ENTRIES PROVIDED:
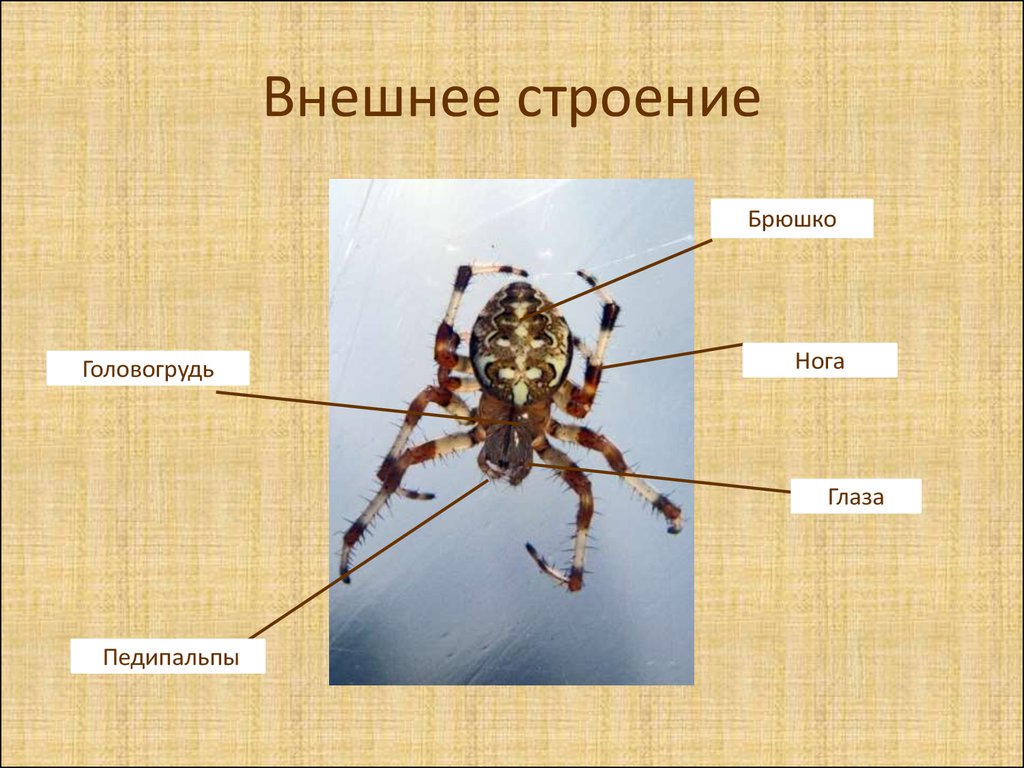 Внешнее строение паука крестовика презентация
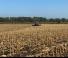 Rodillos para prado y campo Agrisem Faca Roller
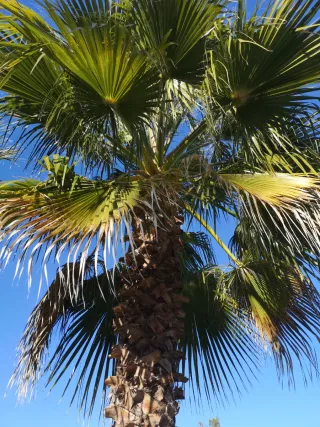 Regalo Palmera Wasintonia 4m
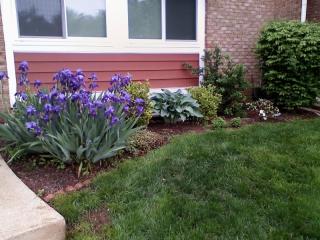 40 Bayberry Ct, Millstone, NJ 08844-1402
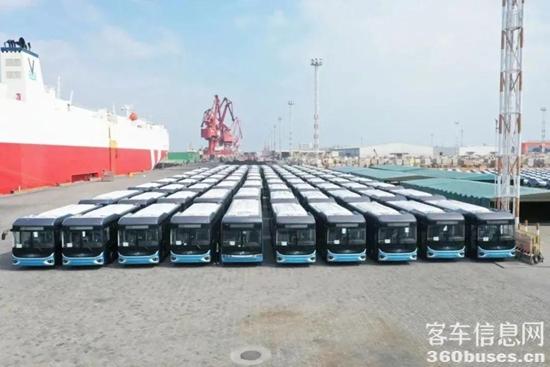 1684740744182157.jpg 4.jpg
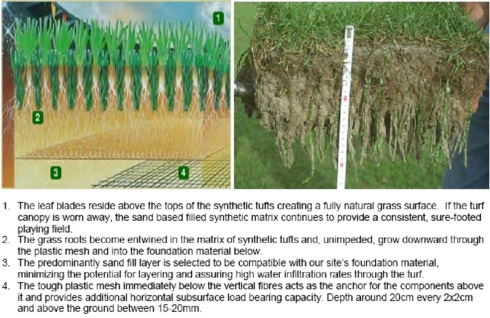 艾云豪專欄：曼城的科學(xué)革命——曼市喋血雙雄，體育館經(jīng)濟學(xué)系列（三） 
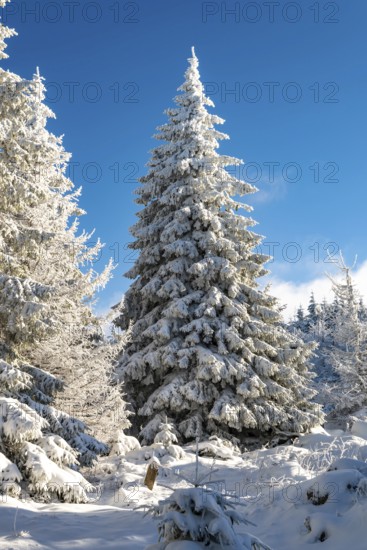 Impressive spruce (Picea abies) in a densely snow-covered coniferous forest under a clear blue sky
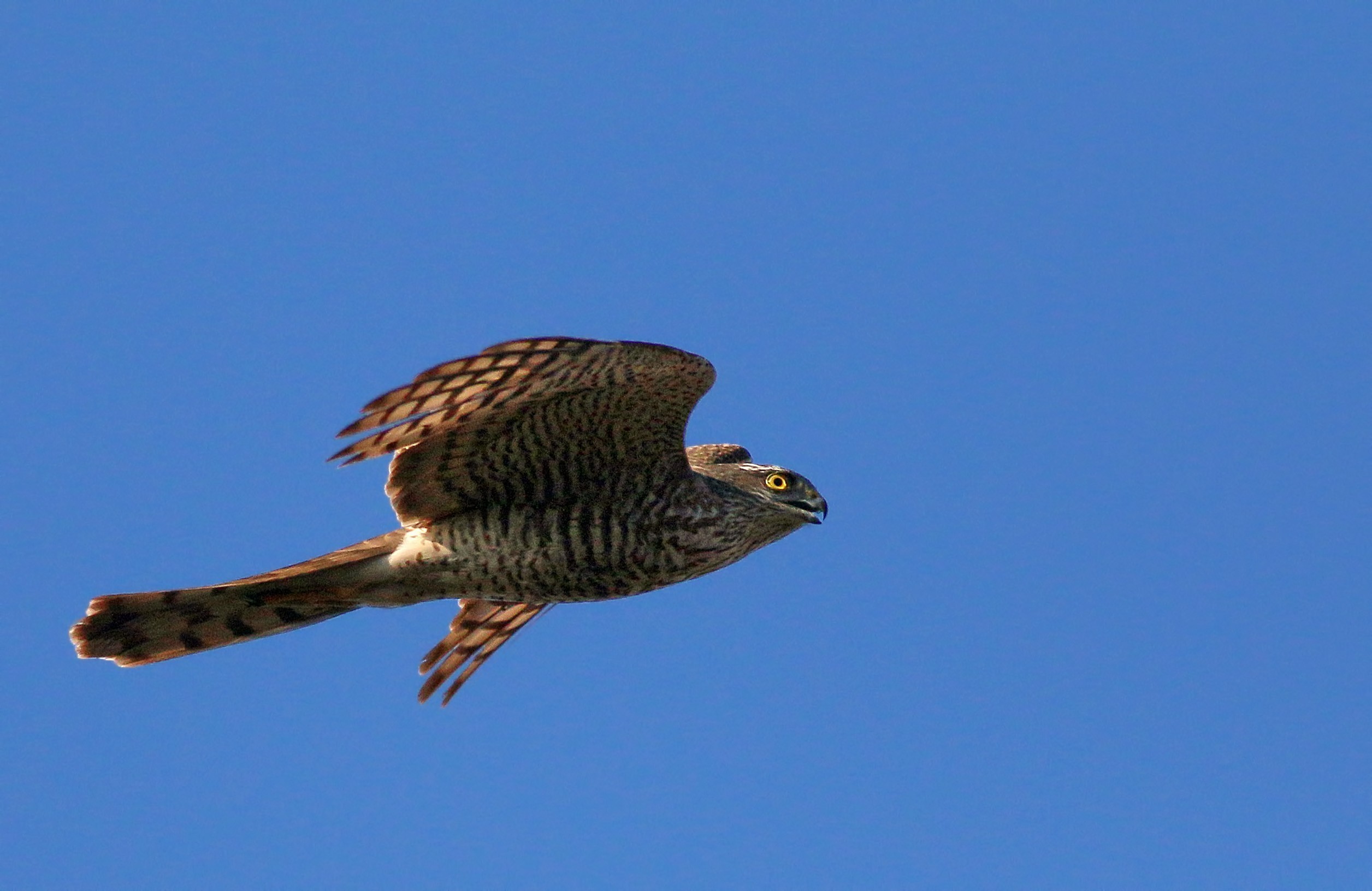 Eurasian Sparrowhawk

PROBLEM TO SOLVE: Copy every entry exactly; drop the pictures.

RESULT OF THIS TASK:
 Внешнее строение паука крестовика презентация
 Rodillos para prado y campo Agrisem Faca Roller
 Regalo Palmera Wasintonia 4m
 40 Bayberry Ct, Millstone, NJ 08844-1402
 1684740744182157.jpg 4.jpg
 艾云豪專欄：曼城的科學(xué)革命——曼市喋血雙雄，體育館經(jīng)濟學(xué)系列（三） 
 Impressive spruce (Picea abies) in a densely snow-covered coniferous forest under a clear blue sky
 Eurasian Sparrowhawk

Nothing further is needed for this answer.